Esther Kang is an international studies and history major from Dallas, TX. During the 2014-2015 academic year as a Buckman Fellow studying at Yonsei University in South Korea, Kang served as a research assistant for the Korea Institute of Public Administration, participating in projects in international development and performance evaluation. While abroad, she has also worked as an English tutor and participated in programs to improve education systems in Indonesia and Cambodia, which inspired her to apply for the Fulbright. On campus, Kang is a senior fellow in the Admission Office, working in a professional capacity to guide prospective students and families during their college search. Kang is a graduate of Rabun Gap-Nacoochee School in Rabun Gap, GA.
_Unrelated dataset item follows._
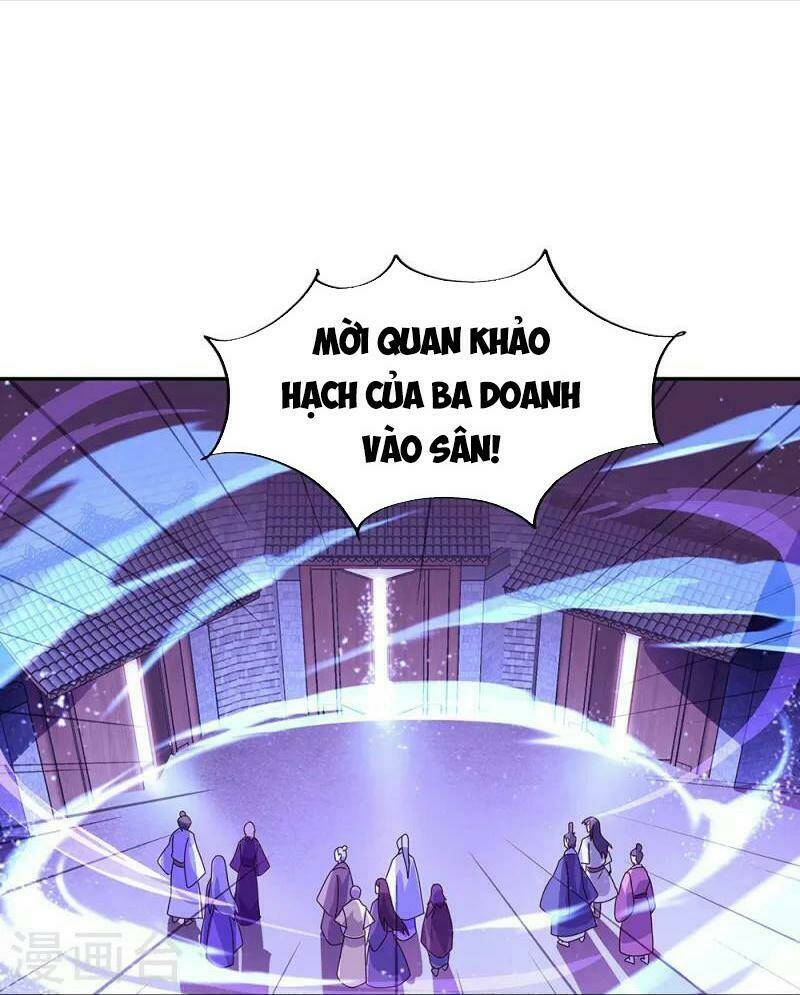 Chiến Hồn Tuyệt Thế Chapter 328 - Trang 2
Elizabeth Poston, who is from Franklin, TN, is pursuing a double degree in Spanish and mathematics and a minor in Latin American studies. In 2014, she served as a missions intern with Inca Link International, which has service sites in Ecuador that includes orphanages, a home for pregnant teens, and a center for survivors of trafficking. She took part in a Rhodes Maymester in Cuenca, Ecuador, in 2013 and was a Buckman Fellow in Valencia, Spain, the spring of 2015. Locally, Poston started working at Su Casa Family Ministries last summer as a Rhodes Summer Service Fellow, and she continues to be an intern there, teaching English as a Second Language to Hispanic adults.
Jacob Turner, an international studies major from Atlanta, GA, spent the summer of 2015 as a study abroad intern in Argentina conducting independent research on human trafficking legislation and preventative measures. He also attended and participated in conferences and meetings in the Argentine Senate with top legal professionals in the field. The prior summer at Duke University, he assisted in instructing college-level political science and history courses for gifted high-school-aged youth. In addition, he has published an article in Agora: Journal for Undergraduate Scholarly Papers in which two historical characters explore the meaning of virtue and nobility. Turner is a graduate of Riverwood International Charter School.